Specifying Hive Databases to Synchronize with Query Server
You can control the Hive databases that will synchronize with Oracle Cloud SQL Query Server. This can be especially important if you have a large number of Hive databases and tables but only require SQL access to some of them. Fewer databases and tables results in faster Hive metadata sync with Query Server.
Cloud SQL Query Server is not intended to store internal data in Oracle tables. Whenever the Query Server is restarted, it's reset to its initial and clean state. This eliminates typical database maintenance such as storage management, database configuration, and so on. The goal of Query Server is to provide a SQL front end for data in Hadoop, object stores, Kafka, and NoSQL databases. Query Server is not a general purpose RDBMS.
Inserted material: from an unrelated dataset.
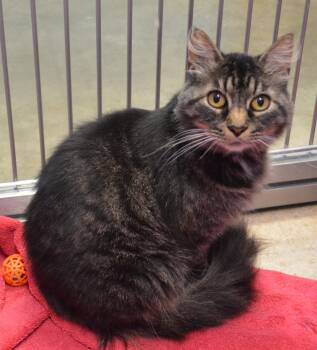Temperance -  Domestic Medium Hair Cat for Adoption - Temperance | PetCurious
In Apache Ambari, update Synchronized Hive Databases
configuration
parameter with a comma-separated list of Hive databases. This is recommended if you
don't plan to access all of the Hive databases from Query Server. To synchonize all
Hive databases in the metastore with Query Server, use the *
wildcard character.
You can update the list of Hive databases to synchronize with Query Server by using
the Synchronized Hive Databases
configuration parameter in Apache
Ambari as follows.
-
Log in to Apache Ambari using your login credentials.
-
In Apache Ambari, click Cloud SQL under Services from the side toolbar.
-
Click the Configs tab.
-
Expand the Advanced metadata-sync tab.
-
In the Synchronized Hive Databases text box, enter the names of the Hive databases separated by commas. For example: htdb0,htdb1
-
Click Save.
In Cloudera Manager, update the sync_hive_db_list
configuration
parameter with a comma-separated list of Hive databases. This is recommended if you
don't plan to access all of the Hive databases from Query Server. To synchronize all
Hive databases in the metastore with Query Server, use the *
wildcard character.
You can update the list of Hive databases to synchronize with Query Server by using
the sync_hive_db_list
configuration parameter in Cloudera Manager
as follows.
-
Log in to Cloudera Manager using your login credentials.
-
In Cloudera Manager, use the Search field to search for the Synchronized Hive Databases configuration parameter. Enter /Synchronized Hive Databases (or enter part of the name until it's displayed in the list) in the Search field, and then press Enter.
-
Click Cloud SQL: Synchronized Hive Databases.
-
In the Synchronized Hive Databases text box, enter the names of the Hive databases separated by commas, such as
htdb0,htdb1
, and then click Save Changes. Only these two Hive databases will be synchronized with Query Server.